Bright outlook south of the border

U.S. capital markets will likely continue to shine bright in 2018, thanks in part to developments such as the passage last December of the Republican party's tax reform bill, which will cut corporate tax in the U.S. from 35 per cent to 21 per cent.

"The tax reform bill is a positive development for U.S. equities," says Mr. Aul. "We already have a reasonable view on U.S. economic growth into 2018 — which should drive earnings growth as well — and the tax reform is the icing on the cake [for] the U.S. economy."

While a renegotiated or dismantled NAFTA wouldn't likely have a notable impact on the U.S. economy in the short term — as it would for Canada — over time it could have a negative effect, says Mr. Aul.

"Freer trade benefits all parties, and certain industries in the U.S. — such as auto manufacturing — could be impacted negatively," he says. "These industries have built supply chains and processes around their ability to move goods across the border multiple times."

Still, even taking tax reform into account, Mr. Aul says he expects the U.S. economy to grow only slightly more than the 2.3 per cent rate achieved in 2017.

"It's modest, but it's the sort of growth we've become accustomed to in this post- financial crisis world," he says. "While markets are getting excited about tax reform, it will not add more than a quarter percentage point to the U.S. economy."

Cautious optimism for emerging markets

Emerging markets were among the biggest stories in 2017 for investors, says Mr. Aul. There was India's "exceptional run" and China's economic rebalancing — an engineered slowdown to regain better control of the economy.
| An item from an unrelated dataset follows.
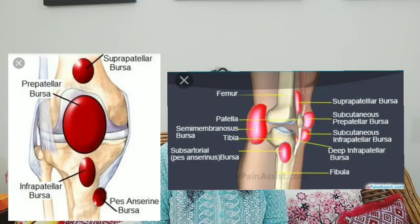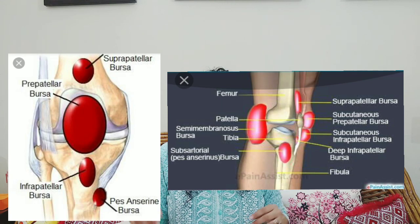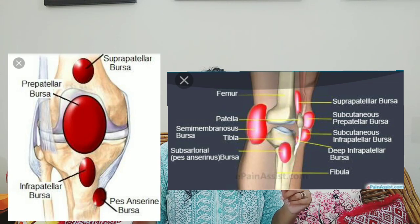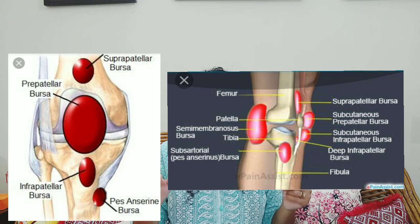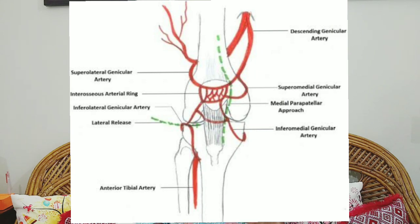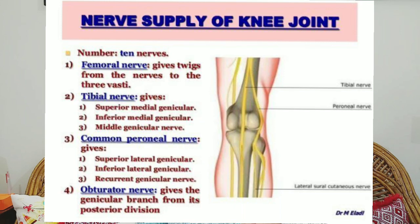You also have various bursa of your knee joint — anteriorly, medially, and laterally. Regarding blood supply, the genicular artery mainly provides blood supply to the knee joint. Regarding nerve supply, various nerves supply the knee joint: the femoral nerve, tibial nerve, common peroneal nerve, and obturator nerve.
The upside of these pullbacks will be greater buying opportunities for investors seeking more exposure to the long-term growth potential of emerging markets, says Mr. Aul — something advisors may want to point out to clients as they review portfolios.

Europe's looking good in 2018

Equity markets in Europe have continued gaining strength over the last seven years, driven primarily by earnings growth in companies, says Mr. Aul. He expects more growth in 2018.

"There's still room for the earning power of these companies to continue to grow and catch up to the peak level seen prior to the last recession," he says. "The crisis in Spain looks to be a well-contained regional issue, and the banking system in Italy — while still the weakest in Europe — has improved over the last year. These risks are not as acute for Europe this year."

Time to get back to the core

Mr. Green says the start of the year is a good time to urge clients to get back to their core portfolio.

"If there's anything too aggressive, consider taking some profits off the table," he suggests. "Are there greater gains potentially from these investments? Yes, but I always tell my clients to not just think about what they could gain, but also what they're not willing to lose."

After an exceptionally long and strong run in capital markets, some investors may think it's time to get out of the market. Mr. Aul's advice for advisors: Be tactical and nimble in your approach to long-term planning with clients, but urge your clients to continue with the plan they built with you.

"As you get later into the economic cycle, it becomes more difficult for investors to stick with their investment plan," notes Mr. Aul. "But it's important that they stick with the plan they made with their advisor."

With potential market corrections on the horizon, it's even more imperative that advisors ensure their clients understand the risks in their portfolio, says Mr. Green.

"That's part of the advisor's job — to make clients aware of the downside," he says. "[Advisors] are the guiding light for their clients, so they have to ensure they or their clients are not being too aggressive or risky."